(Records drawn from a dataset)
▼

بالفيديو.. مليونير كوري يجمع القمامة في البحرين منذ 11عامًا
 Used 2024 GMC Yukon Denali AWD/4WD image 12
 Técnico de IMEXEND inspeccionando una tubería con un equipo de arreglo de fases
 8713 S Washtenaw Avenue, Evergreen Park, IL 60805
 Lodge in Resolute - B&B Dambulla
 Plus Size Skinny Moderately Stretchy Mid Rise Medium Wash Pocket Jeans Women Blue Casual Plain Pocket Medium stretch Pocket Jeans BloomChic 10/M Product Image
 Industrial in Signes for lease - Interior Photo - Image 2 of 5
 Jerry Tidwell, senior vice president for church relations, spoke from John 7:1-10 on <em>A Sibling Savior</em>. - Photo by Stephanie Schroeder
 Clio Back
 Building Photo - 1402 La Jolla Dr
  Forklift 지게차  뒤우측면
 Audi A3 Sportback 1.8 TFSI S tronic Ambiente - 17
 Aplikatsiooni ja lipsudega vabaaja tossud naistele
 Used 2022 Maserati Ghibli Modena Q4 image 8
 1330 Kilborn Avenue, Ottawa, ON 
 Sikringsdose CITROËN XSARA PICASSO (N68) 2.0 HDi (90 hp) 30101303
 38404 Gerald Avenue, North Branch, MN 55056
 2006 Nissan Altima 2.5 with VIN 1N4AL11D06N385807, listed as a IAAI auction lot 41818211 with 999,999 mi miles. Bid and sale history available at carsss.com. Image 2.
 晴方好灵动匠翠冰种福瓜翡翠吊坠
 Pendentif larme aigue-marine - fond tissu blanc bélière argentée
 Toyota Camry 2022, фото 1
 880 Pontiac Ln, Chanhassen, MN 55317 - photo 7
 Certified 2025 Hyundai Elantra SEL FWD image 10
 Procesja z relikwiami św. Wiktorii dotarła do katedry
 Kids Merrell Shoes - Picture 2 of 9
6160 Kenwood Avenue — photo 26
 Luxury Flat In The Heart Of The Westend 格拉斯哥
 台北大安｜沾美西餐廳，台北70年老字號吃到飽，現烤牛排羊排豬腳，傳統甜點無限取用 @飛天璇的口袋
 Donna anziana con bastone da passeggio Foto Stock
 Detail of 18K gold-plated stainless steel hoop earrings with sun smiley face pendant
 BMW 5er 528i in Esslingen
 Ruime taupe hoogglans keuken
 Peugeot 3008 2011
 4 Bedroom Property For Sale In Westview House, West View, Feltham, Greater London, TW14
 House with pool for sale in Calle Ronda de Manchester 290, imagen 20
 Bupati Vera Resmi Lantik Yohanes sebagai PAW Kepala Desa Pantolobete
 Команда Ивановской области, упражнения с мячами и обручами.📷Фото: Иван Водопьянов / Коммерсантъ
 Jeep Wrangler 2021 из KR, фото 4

▲

Brief
Each line from the one containing "4 Bedroom Property" to the final line of the entries above must be returned exactly, and no other line may appear.

Task result
 4 Bedroom Property For Sale In Westview House, West View, Feltham, Greater London, TW14
 House with pool for sale in Calle Ronda de Manchester 290, imagen 20
 Bupati Vera Resmi Lantik Yohanes sebagai PAW Kepala Desa Pantolobete
 Команда Ивановской области, упражнения с мячами и обручами.📷Фото: Иван Водопьянов / Коммерсантъ
 Jeep Wrangler 2021 из KR, фото 4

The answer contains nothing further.